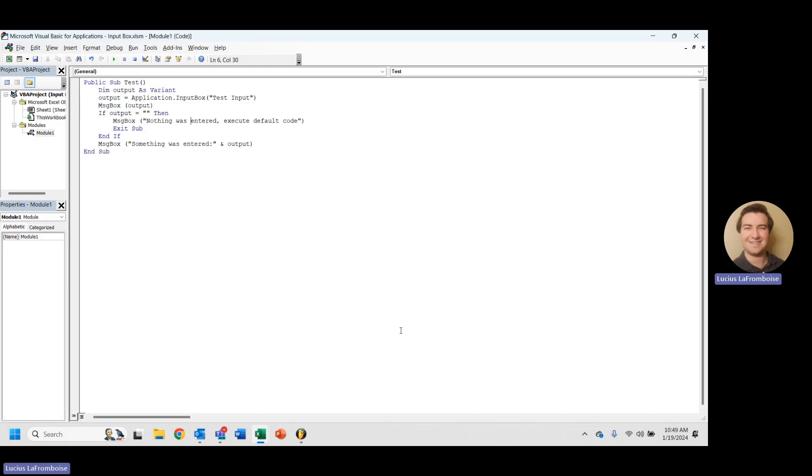Hey there, this is Lucius LaFromboise. Picking up from our last video where we learned how to check if an input box was empty, we're going to check if somebody cancels the input box.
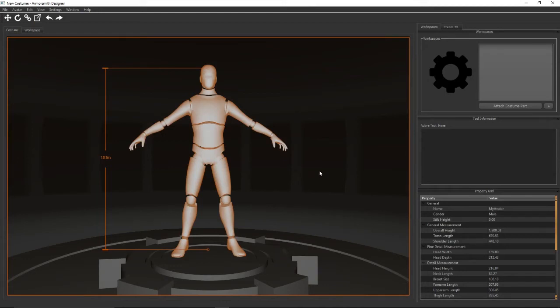Hey Armorsmith users! In this video I'm going to cover all the functionality that's currently available inside of Armorsmith Designer. Let's go ahead and start with some of the UI changes.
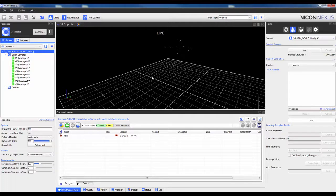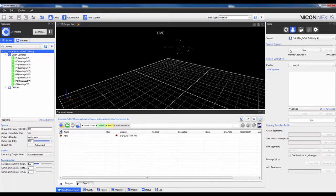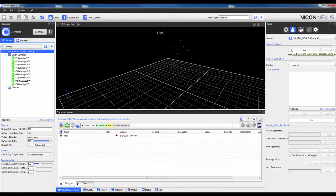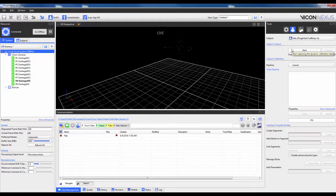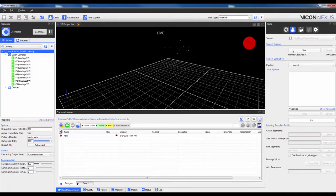Then when you are confident all the markers are there, go ahead and click Start. The subject will need to remain as stationary as possible during capture. You only really need one frame of acceptable data, so I will make this about one second long.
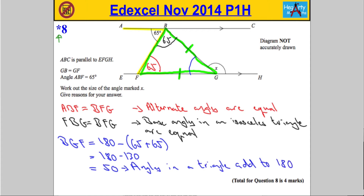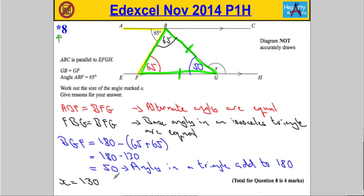We know BGF is 50 degrees, and you can see straight away that angle X is going to have to be 130 degrees. So X equals 130 degrees, and the reason is because angles on a straight line add up to 180.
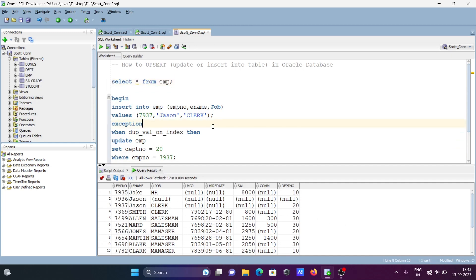So this is how we perform an upsert — update or insert — into a table in Oracle database. That's it for this video, thanks for watching, see you next week.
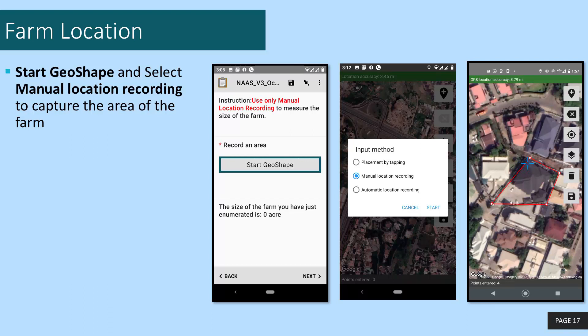You are required to capture the area of the farm, and this will be done by walking around the edges of the farm.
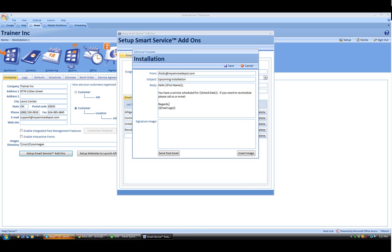Then, in the body of our email here, we're notifying our customer about their upcoming scheduled service they have with us, which we can also get from the Smart Field.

EXERCISE DIRECTIONS: Output the data above without changes, apart from leaving out the pictures.

RESPONSE:
Hey there, this is Lucius LaFromboise. Picking up from our last video where we learned how to check if an input box was empty, we're going to check if somebody cancels the input box.
Hey Armorsmith users! In this video I'm going to cover all the functionality that's currently available inside of Armorsmith Designer. Let's go ahead and start with some of the UI changes.
Then when you are confident all the markers are there, go ahead and click Start. The subject will need to remain as stationary as possible during capture. You only really need one frame of acceptable data, so I will make this about one second long.
We know BGF is 50 degrees, and you can see straight away that angle X is going to have to be 130 degrees. So X equals 130 degrees, and the reason is because angles on a straight line add up to 180.
So this is how we perform an upsert — update or insert — into a table in Oracle database. That's it for this video, thanks for watching, see you next week.
You are required to capture the area of the farm, and this will be done by walking around the edges of the farm.
Then, in the body of our email here, we're notifying our customer about their upcoming scheduled service they have with us, which we can also get from the Smart Field.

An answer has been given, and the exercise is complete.